En la adolescencia, el cerebro va madurando. A medida que crecen, los adolescentes son cada vez más capaces de controlar sus impulsos y prestar atención consciente. Aun así, captar su atención todavía supone un reto para los docentes.
No obstante, algunas metodologías activas pueden jugar a su favor: el aprendizaje basado en retos, el aprendizaje basado en problemas, el aprendizaje basado en proyectos, el aprendizaje-servicio, el aula invertida, etc. Tampoco se debe olvidar el valor del juego como excelente aliado para generar sorpresa.
El juego para generar sorpresa
En un juego no sabemos lo que va a pasar y esa expectación hace que estemos muy atentos. El tálamo está activo y mantiene activa toda la maquinaria cerebral que mencionábamos al principio. La sorpresa es máxima.
Además de esto, el juego tiene múltiples beneficios: produce placer y satisfacción, estimula la creatividad y la curiosidad, genera autoconfianza, es un instrumento de expresión emocional, favorece la socialización y estimula el desarrollo físico, cognitivo y socioemocional. Ayuda a aprender en todas las etapas de la vida educativa: primaria, secundaria, universitaria y, también, en la enseñanza de adultos.

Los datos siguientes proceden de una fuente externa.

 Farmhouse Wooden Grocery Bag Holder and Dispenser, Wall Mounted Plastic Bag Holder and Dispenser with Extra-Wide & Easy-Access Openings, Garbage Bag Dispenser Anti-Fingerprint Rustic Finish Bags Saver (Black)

Estímulos, emociones y memorización
Así pues, el verdadero truco para mantener la atención del alumnado está en la capacidad de provocar sorpresa. La sorpresa generada por un estímulo inesperado hace que el tálamo (la zona que genera la atención) se active. A su vez, el tálamo activa al hipocampo y a la amígdala, centros de la memoria y las emociones, como decíamos más arriba, muy necesarios para el aprendizaje. Este funcionamiento del cerebro ante la sorpresa tiene una función claramente evolutiva y la mantenemos desde la época en la que la niña recogía frutos en el bosque al principio de este artículo.